CCE Theses and Dissertations

Date of Award

2018

Document Type

Dissertation

Degree Name

Doctor of Philosophy (PhD)

Department

College of Engineering and Computing

Advisor

Sumitra Mukherjee

Committee Member

Francisco J. Mitropoulos

Committee Member

Michael J. Laszlo

Abstract

Complete coverage relies on a path planning algorithm that will move one or more robots, including the actuator, sensor, or body of the robot, over the entire environment. Complete coverage of an unknown environment is used in applications like automated vacuum cleaning, carpet cleaning, lawn mowing, chemical or radioactive spill detection and cleanup, and humanitarian de-mining.

The environment is typically decomposed into smaller areas and then assigned to individual robots to cover. The robots typically use the Boustrophedon motion to cover the cells. The location and size of obstacles in the environment are unknown beforehand. An online algorithm using sensor-based coverage with unlimited communication is typically used to plan the path for the robots.

For certain applications, like robotic lawn mowing, a pattern might be desirable over a random irregular pattern for the coverage operation. Assigning directional constraints to the cells can help achieve the desired pattern if the path planning part of the algorithm takes the directional constraints into account.

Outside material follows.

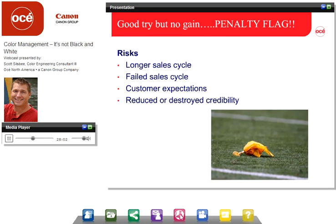What are the risks of not addressing these variables? Some risks include longer or failed sales cycles. The customer's expectations might not be reached, and if we don't reach their expectations, our credibility as a company is destroyed or at least injured. The goal is to reach these needs and workflow solutions and define them up front. If we do that, we have a higher rate of success, a shorter sales cycle, and we place the machine and finish the installation quicker. If we don't define these variables, there's a high risk of failure — for example, if the customer doesn't understand that some substrates can hold more color than others, they might be disappointed in the output.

The goal of this dissertation is to adapt the distributed coverage algorithm with unrestricted communication developed by Rekleitis et al. (2008) so that it can be used to solve the complete coverage problem with directional constraints in unknown environments while minimizing repeat coverage. It is a sensor-based approach that constructs a cellular decomposition while covering the unknown environment.

The new algorithm takes directional constraints into account during the path planning phase. An implementation of the algorithm was evaluated in simulation software and the results from these experiments were compared against experiments conducted by Rekleitis et al. (2008) and with an implementation of their distributed coverage algorithm.

The results of this study confirm that directional constraints can be added to the complete coverage algorithm using multiple robots without any significant impact on performance. The high-level goals of complete coverage were still achieved. The work was evenly distributed between the robots to reduce the time required to cover the cells.